Bad idea: build a captcha library that embeds DOSBox so it can make you beat levels/puzzles from DOS games to continue.
-
you know, just in case the address has changed between compile time and run time
-
oh it's trying to load WinG32.dll
that's a pre-directx windows library for high speed graphics. it was partially written to get Doom running at full speed under windows.
-
hah! it works!
it turns out they installed this pre-win95 graphics library into System32 of my 64bit windows system (well, sysWOW64)
-
okay I'm running in a debugger now, with breakpoints on LoadLibrary/GetProcAddress.

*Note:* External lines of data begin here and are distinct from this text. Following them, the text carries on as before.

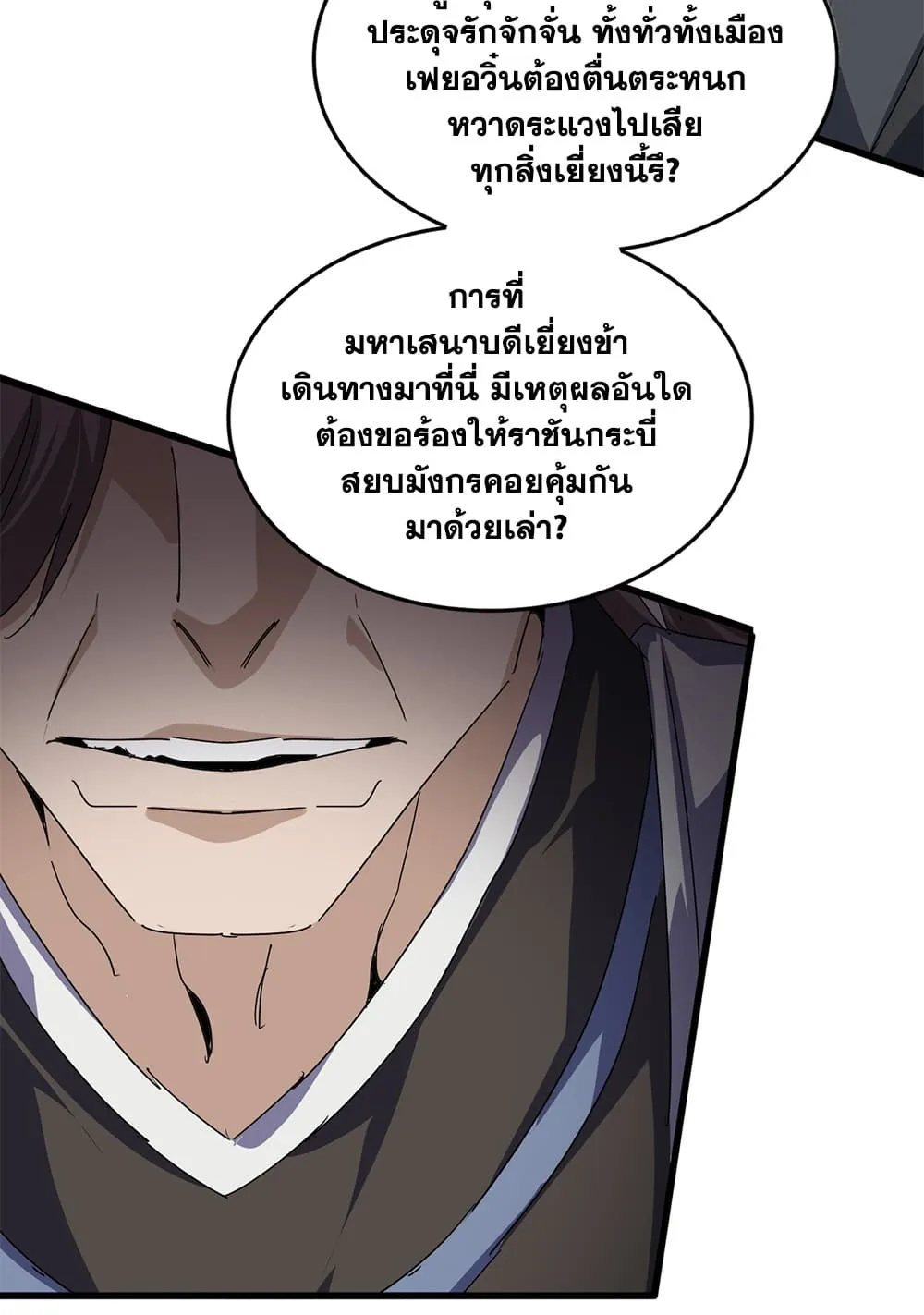 Magic Emperor Chap 893 - Next Chap 894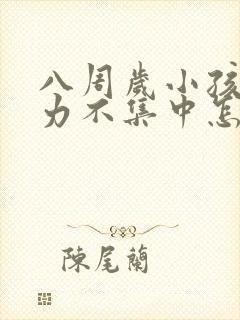 八周岁小孩注意力不集中怎么办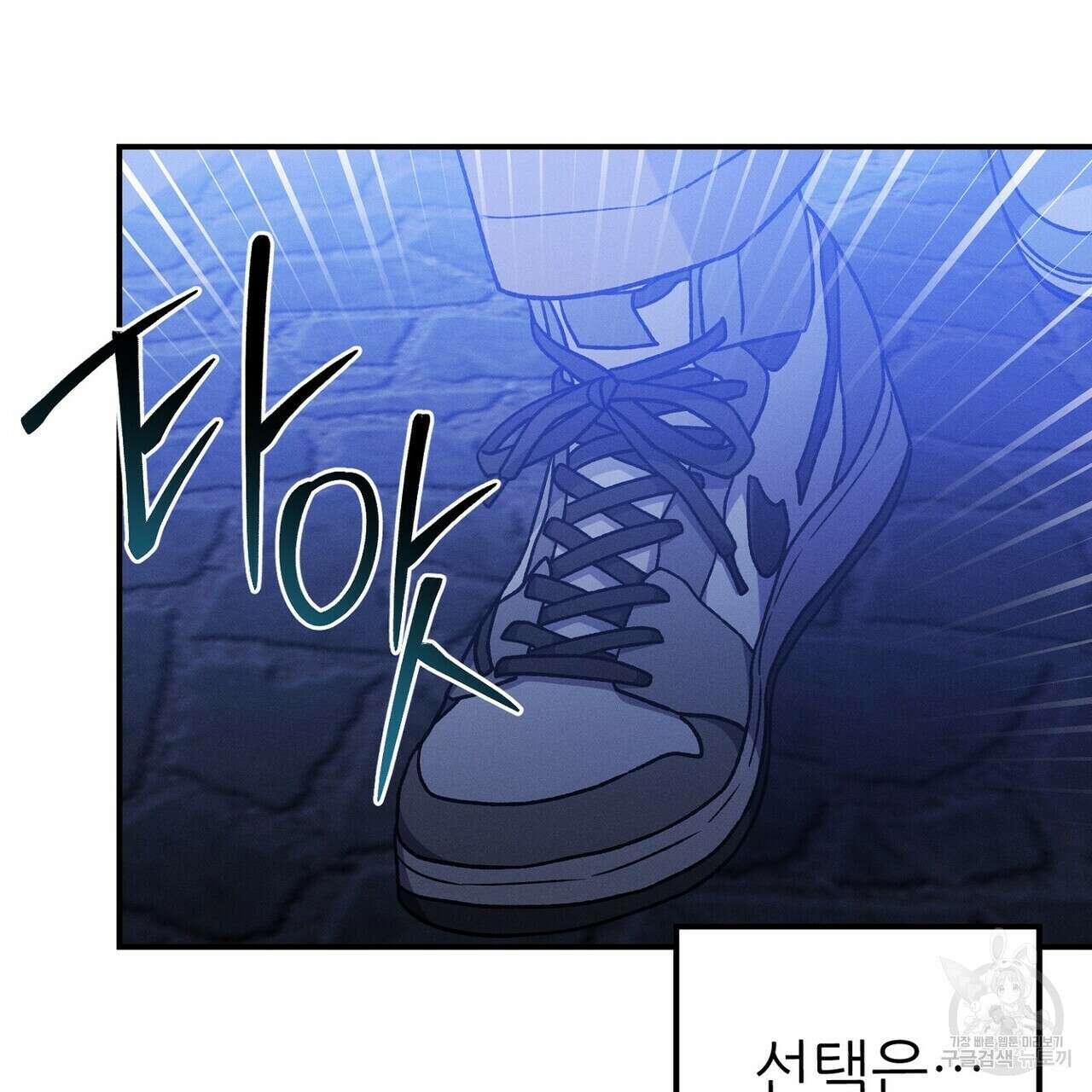 집에 가는 길에 USB를 주웠다 59화 177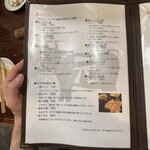 炭火焼肉 ホルモン やま元 - メニュー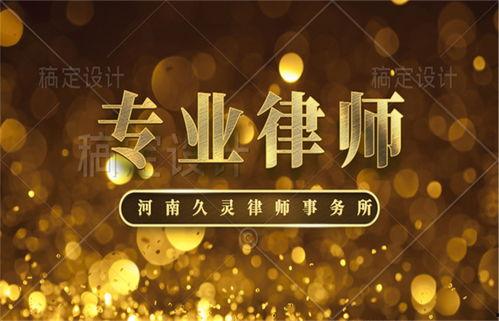 郑州劳动仲裁最新爆料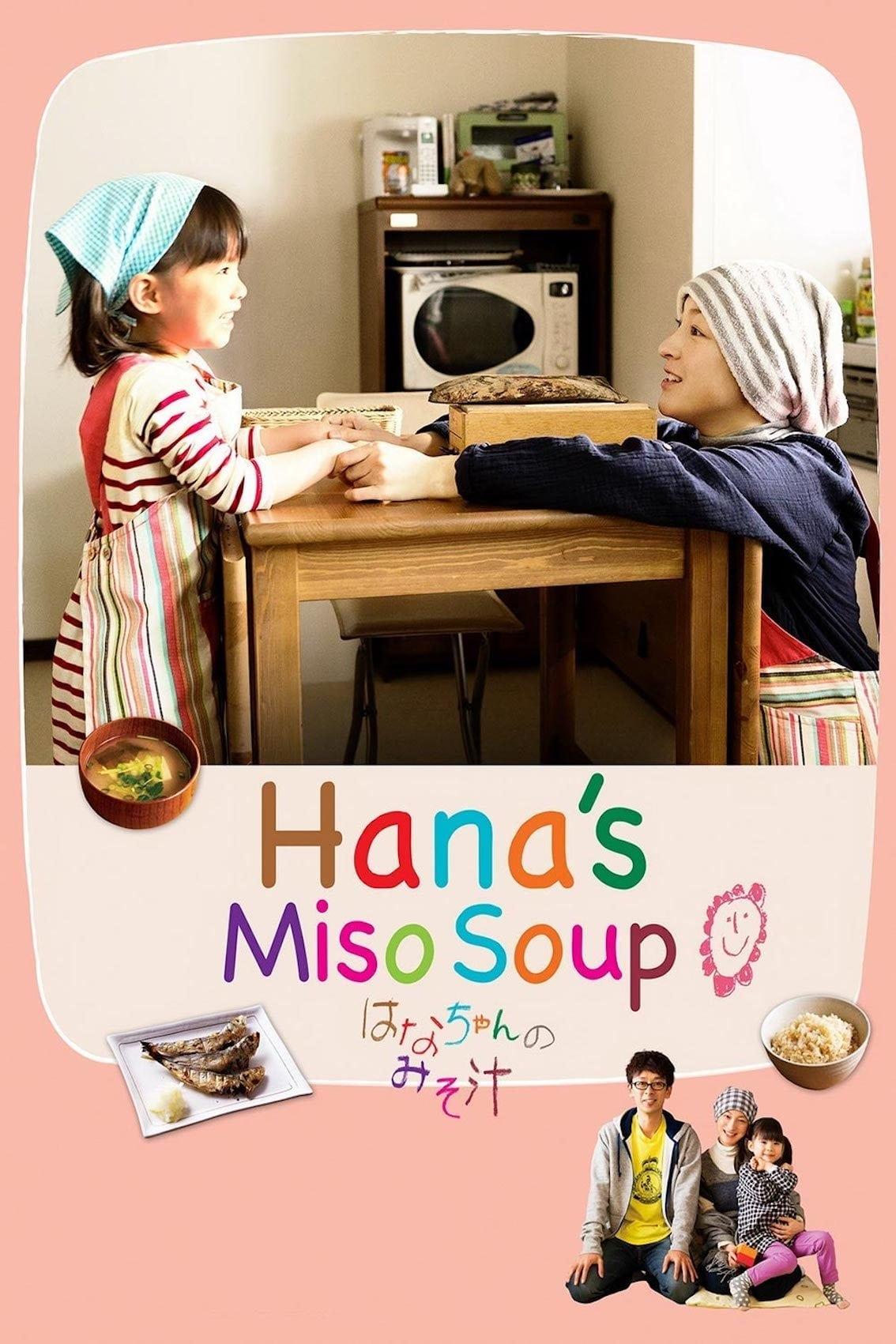 Hana's Miso Soup poster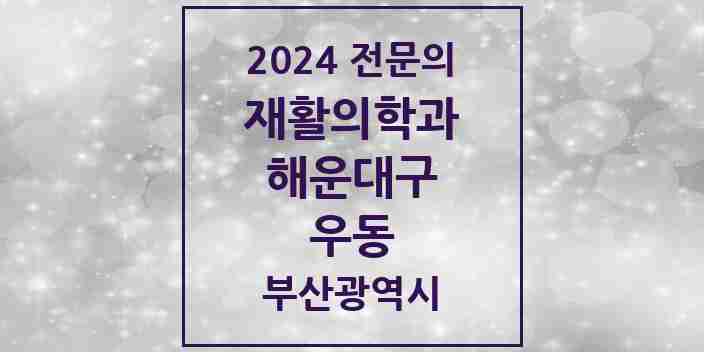 2024 우동 재활의학과 전문의 의원·병원 모음 5곳 | 부산광역시 해운대구 추천 리스트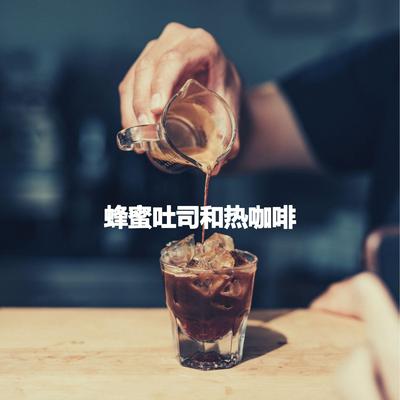 蜂蜜吐司和热咖啡's cover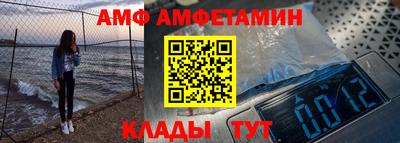 скорость mdpv Моздок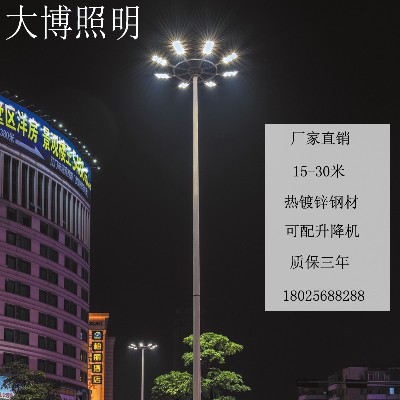 LED高桿燈球場(chǎng)體育場(chǎng)高亮中心照明升降式高桿路燈露天廠家批發(fā)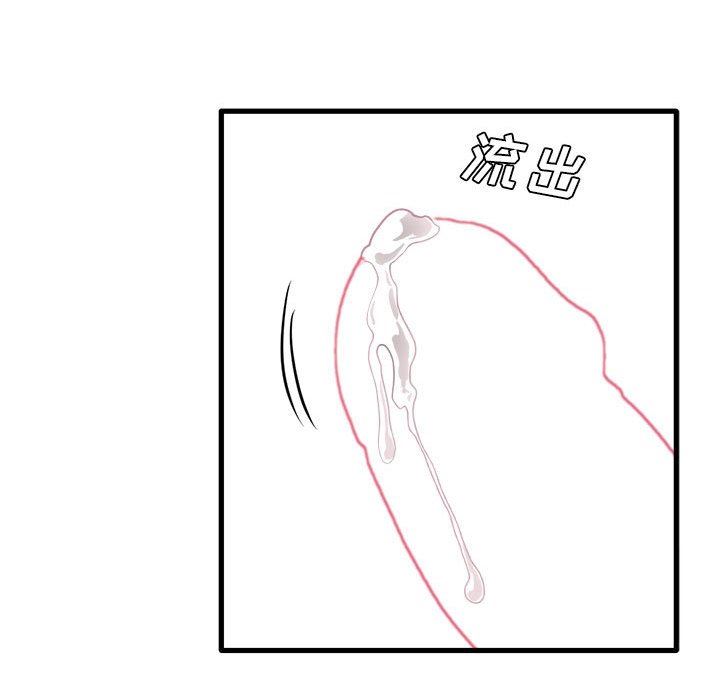 《实习老师住我家》漫画 第27話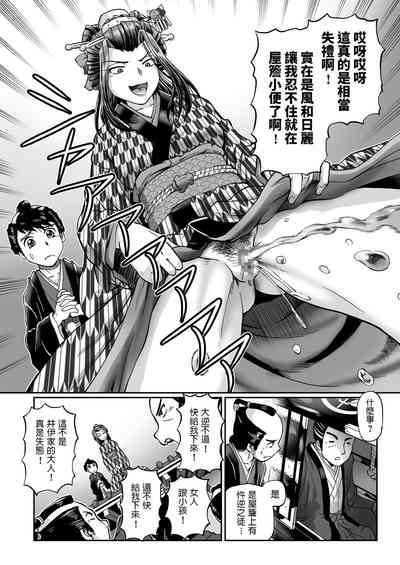 第22頁圖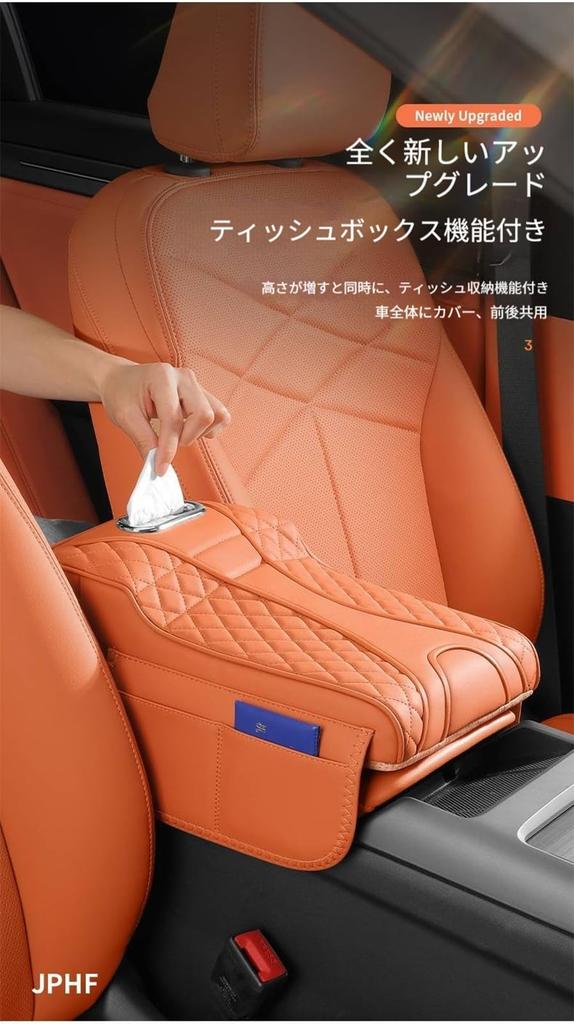 [Latest model in 2025] Applicable to Nissan X-Trail T32 early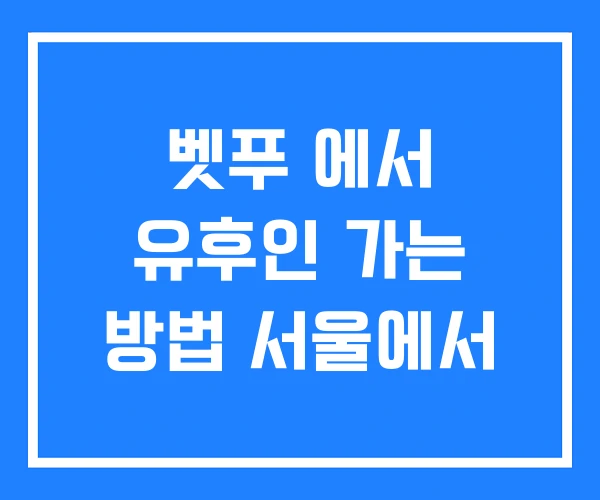 벳푸 에서 유후인 가는 방법 서울에서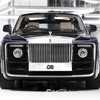 Rolls-Royce Sweptail, A Connoisseurs’ Dream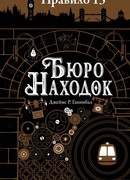 Бюро находок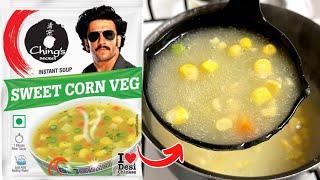 Ching's sweet corn soup recipe | Instant corn soup recipes | winter special recipes | hot recipe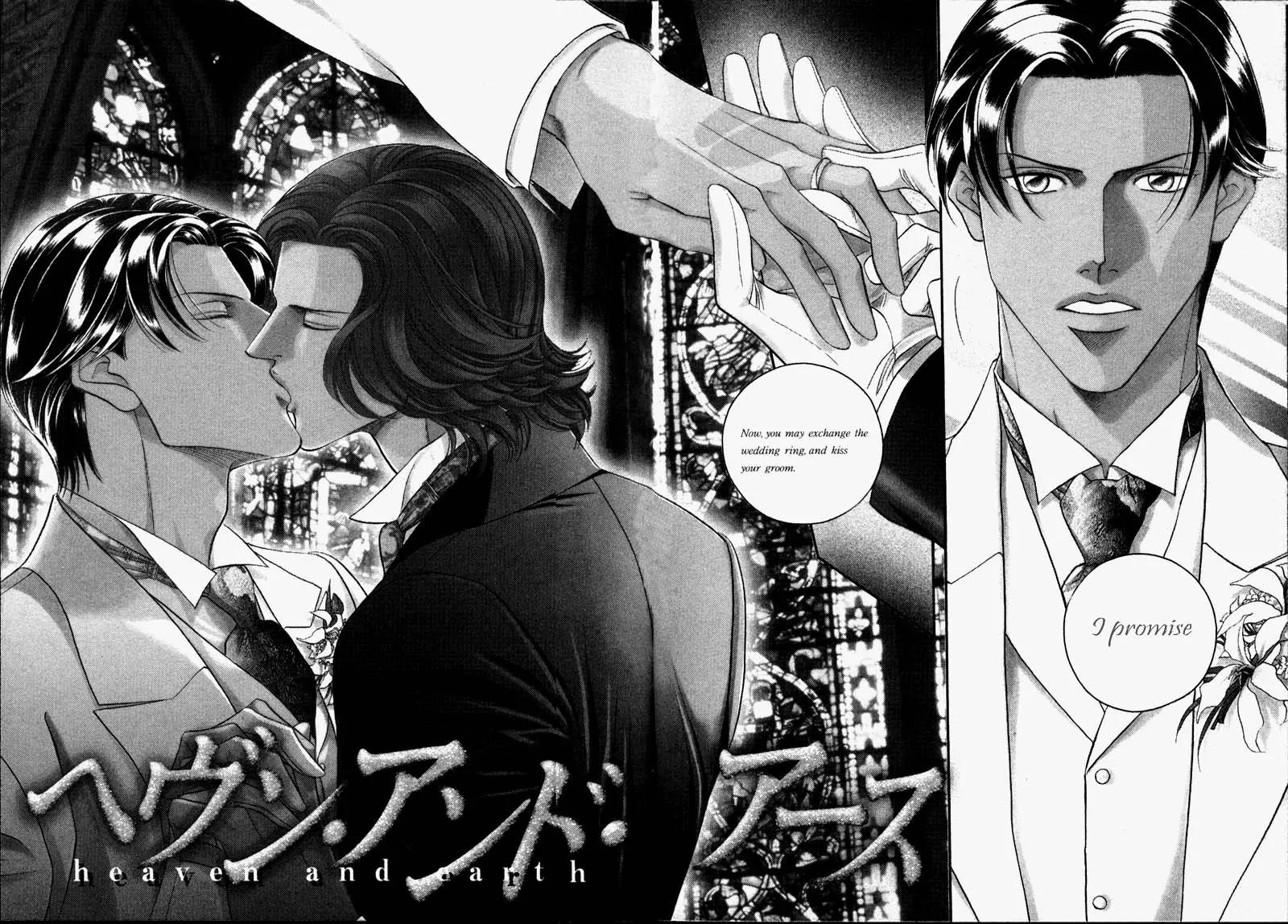 Haru wo Daite Ita Chapter 6.4-2 page 3 - Vol.6 Chapter 4.2: Heaven and Earth - Part 2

There's no activity while doing stuff that'll trigger the .DAT files (which are DLLs) to load.
-
I wonder if these fuckers just skipped using the windows DLL loader and wrote their own so they could use them on win32?
-
@foone woag i am so here for this
i’ve also been reverse engineering gizmos & gadgets (<https://github.com/delan/reverssg>), so i’m very keen to read about what you find. good luck!
-
oh goody, they're not using the regular CreateFile
they're using _lopen. The 16-bit windows compatibility one!
-
@delan oh, awesome! I'll have to look through what you've found so far.
-
and CreateFile.
they use both. fun! -
see the cool thing about reversing 32bit or 64bit code is that it's not segmented, so when you look in your debugger and it says it's running a function at 0x004013cc, you can go over to ghidra and type in "0x004013cc" and it'll show you that same function!
-
this may seem "boring" and "mundane" and "how debuggers always work?" but just imagine you have lost that simple ability to compare code between the two programs?
that is the horror of 16bit segmented code
-
I've been doing too much GBA reverse engineering. I saw a 32bit pointer starting with 0x02 and tried to remember if that was on-cartridge RAM.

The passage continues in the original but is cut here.